Intervention: Lenvatinib (DTC Cohort)
MTC cohort
This arm will enroll participants with medullary thyroid cancer.
Intervention: Lenvatinib (MTC Cohort)
Outcomes
Primary Outcomes
Objective Response Rate (ORR)
Time Frame: From date of treatment start until disease progression, development of unacceptable toxicity, withdrawal of consent, participant's choice to stop study treatment, or up to data cutoff date 11 April 2011, for up to approximately 2 years 5 months
ORR was the percentage of participants with best overall response (BOR) of complete response (CR) and partial response (PR) based on modified Response Evaluation Criteria in Solid Tumors (RECIST) 1.0 for target lesions using magnetic resonance imaging/computed tomography (MRI/CT) scans, as determined by independent imaging review (IIR). CR was defined as disappearance of all target lesions. PR was defined as at least a 30% decrease in the sum of the longest diameter of target lesions, taking as reference the baseline sum of the longest diameter. ORR=CR+PR, was presented with 2-sided 95% confidence interval (CI) by the method of Clopper and Pearson.

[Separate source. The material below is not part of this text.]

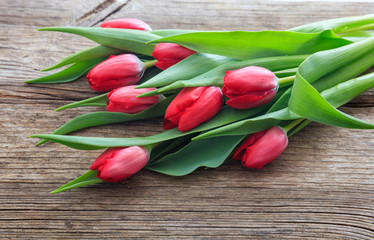 Red tulips on wooden background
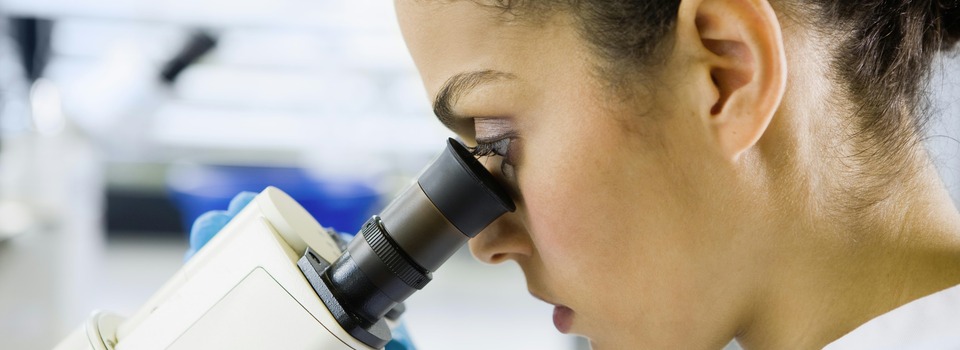 Investigação e Desenvolvimento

Plasma Pharmacokinetics (PK): Steady State Area Under the Plasma Concentration Curve (AUC)
Time Frame: Cycle 1 Day 1 (predose and at 0.5 and 2 hours postdose), Cycle 1 Day 8 (predose), Cycle 2 Day 1 (predose and at 0.5 and 2 hours postdose), and Cycle 3 Day 1 (predose and at 2 hours postdose) (Cycle length= 28 days)
Up to 9 samples per participant were obtained at specific time points. Plasma concentrations of lenvatinib were analyzed using standard analysis methods. Due to the sparse PK sampling in this study, the data were pooled with data from other Phase 1 studies conducted in participants with solid tumors for PK model development and covariate analysis. Individual exposure (steady state AUC) to lenvatinib in MTC and DTC subjects in this study was derived based on the individual predicted steady state AUC from the final PK model. Only data for participants taking 24 mg lenvatinib daily were reported (participants taking 20 mg lenvatinib daily were not included in this data set).
Secondary Outcomes
- Change From Baseline in Free Thyroid Stimulating Hormone (TSH)(Day 1 or within 72 hours prior to Day 1 of Cycles 2 to 20, and Final Visit, up to data cutoff date 11 April 2011 (Cycle length= 28 days))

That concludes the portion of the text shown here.